Esse assunto ainda é tratado muito como voluntariado. Normalmente, os grupos de afinidades das empresas, inclusive as premiadas, são de pessoas voluntárias. Pouquíssimas pessoas são contratadas para a área específica de diversidade de inclusão. E esta área, quando existe, raramente tem orçamento para desenvolver ações. Normalmente são pessoas que trabalham em outras posições e são desses grupos excluídos, minorizados, que acabam cumprindo hora extra sem ganhar por isso.

É quase uma ONG dentro das empresas. Fica muito difícil porque, logicamente, as pessoas se cansam. As metas continuam sendo exigidas, e elas têm a mais o trabalho desses grupos de afinidade.

Fora do Brasil, a gente vê um amadurecimento muito maior. Temos vice-presidências de diversidade, equidade e inclusão, temos metas para que a alta gestão vá atrás de diversidade em diferentes níveis hierárquicos.

Quais tendências que você vê ganhando força atualmente?

Na minha opinião, uma delas é a questão da interseccionalidade. Eu creio que as empresas vão investir mais nesses cruzamentos. Quanto mais interseccionalidades e mais marcadores uma pessoa tem, maiores são as excludentes e mais difícil é o acesso.

Também creio que elas vão seguir o caminho de pensar um pouquinho, pelo menos, em retenção de talentos. Porque 90% das empresas com as quais eu trabalho estão preocupadas com a atração, mas não falam nada sobre retenção de talentos diversos. Esses turnovers continuam muito altos.

Outra tendência é com relação aos benefícios exclusivos para determinados grupos como forma de atração para as empresas. Por fim, há a questão dos stakeholders.
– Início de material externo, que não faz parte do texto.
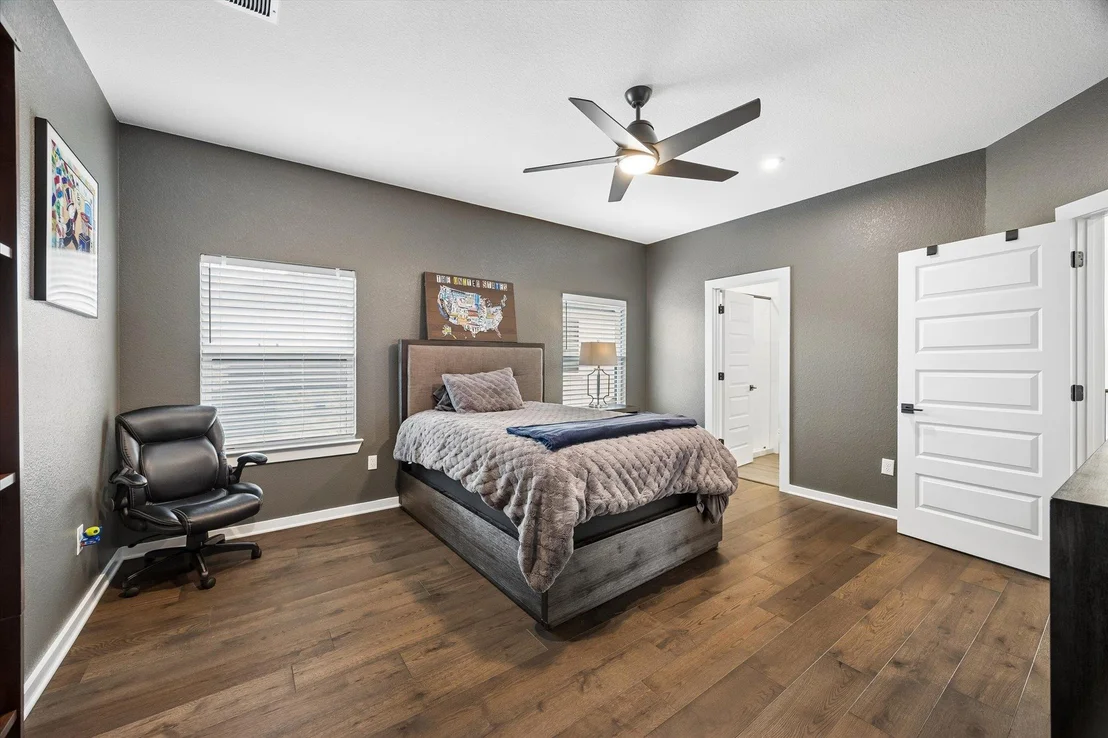 Photo of 2513 Novara TRL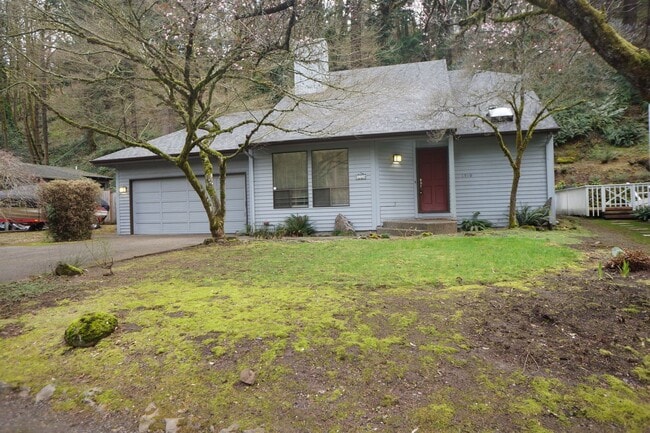 Photo - Lake Oswego South Shore Side Traditional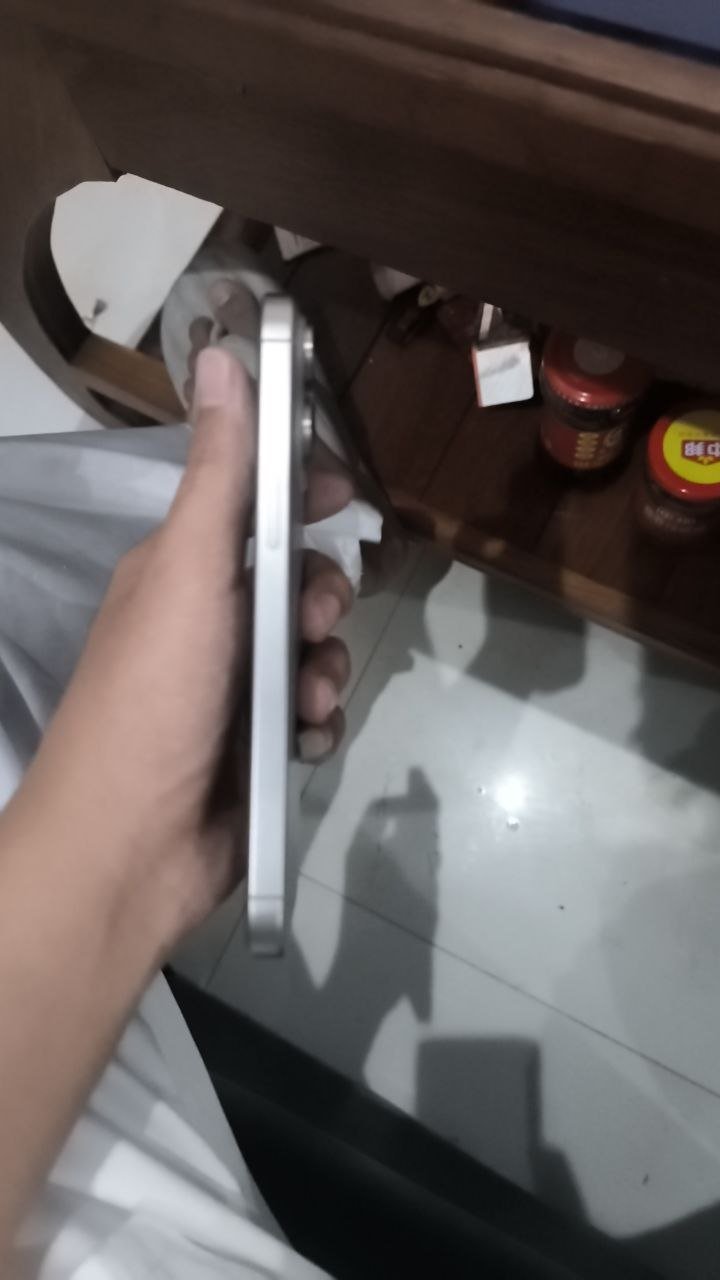 西港OB转让iPhone15ProMax 512G 仅售$600 个人自用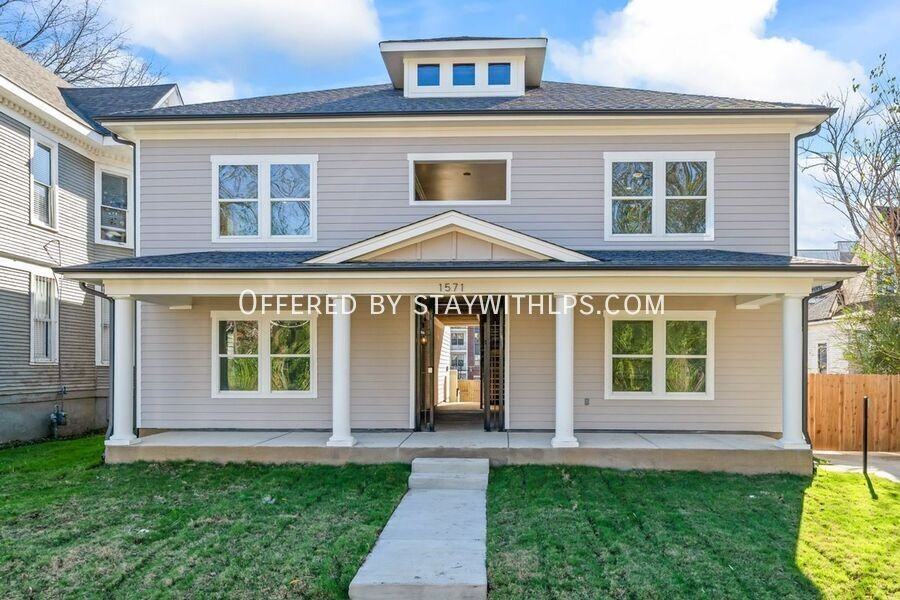 1571 Court Ave #101 - Photo 2 of 46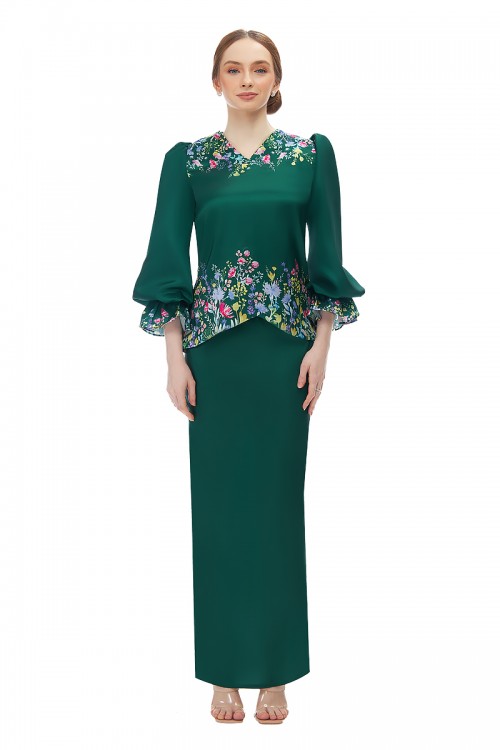 HAILEY MINI KURUNG IN EMERALD GREEN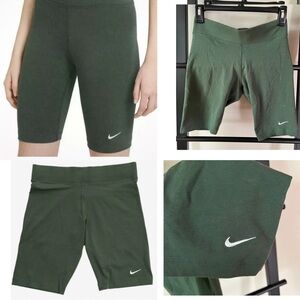 Nike Women’s Biking Shorts Tights Olive Green Size S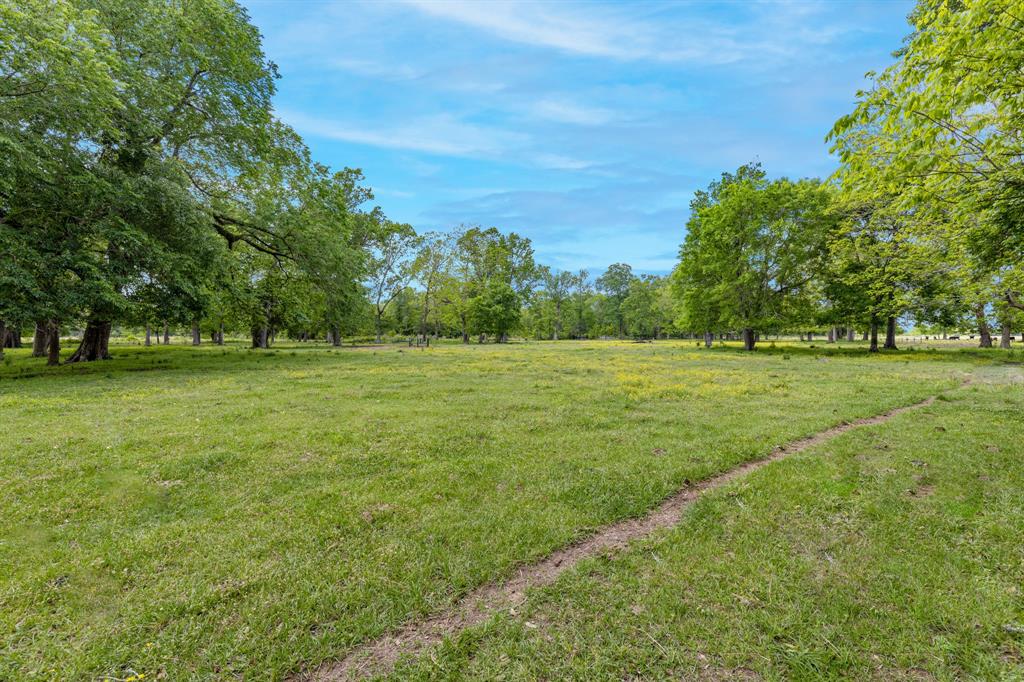 2980 Fm 1409, Dayton, TX 77535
Vejo as empresas pensando mais nas conexões que fazem em toda a cadeia de fornecedores. Este é um ano de aumento de consciência.

Para além de seleções direcionadas a candidatos de grupos específicos, de que maneira você acha que o RH das empresas pode fomentar essa diversidade e a inclusão no dia a dia?

De maneira mais ativa, a empresa pode fazer com que as pesquisas de clima organizacional sejam levadas a sério para obter resultados. Além disso, é preciso criar espaços com segurança psicológica, nos quais as pessoas se sintam à vontade, e estimular as lideranças a ter um olhar mais humanizado. Lembrando que não é só o RH. A responsabilidade acaba recaindo sobre os times de recrutamento e seleção, mas deve ser geral.

Quais cuidados é preciso tomar após a contratação de diversidade, para que esses grupos estejam em um ambiente que permita o desenvolvimento do trabalho de alta performance?

O primeiro é fugir do diversity washing, não fazer porque está todo mundo fazendo. Mas, como aponta a última pesquisa da McKinsey, fazer porque é bom para o negócio. Quanto mais diversidade, melhores vão ser as respostas para o seu produto ou serviço, maior o seu alcance. Sem falar que equipes diversas fazem o processo mais humano e solidário, o engajamento é maior e, o turnover, menor. Isso posto, há outras ações importantes.

É preciso ter muito cuidado com o tokenismo [quando a empresa usa grupos sub-representados em ocasiões pontuais para representar o todo]. Sobrecarregar duas ou três pessoas de determinado grupo, fazendo delas uma Wikipédia para letramento gratuito dentro da empresa, é uma atitude ruim. Eu encontro muitas pessoas que falam "não me sinto à vontade para palestrar, mas tenho medo de ser mandada embora se não fizer". É uma situação de opressão que precisa ser observada.

Outra coisa é a estimulação de planos de carreira. É extremamente necessário acompanhar essas pessoas. Muitas delas têm competência, formação, mas estão pela primeira vez no universo corporativo.

Temos empresas com "profissionais-anjo", alguém que tem a paciência de explicar, de conduzir os primeiros passos. Quem ela procura até chegar numa ouvidoria? Por falar em ouvidoria, é fundamental ter espaços de escuta ativa, com ouvidorias sensíveis para tratar casos de assédio e discriminação. Quando a empresa tem esses canais funcionando, o ambiente fica mais saudável, o que deixa as pessoas mais felizes. E pessoas mais felizes produzem melhor.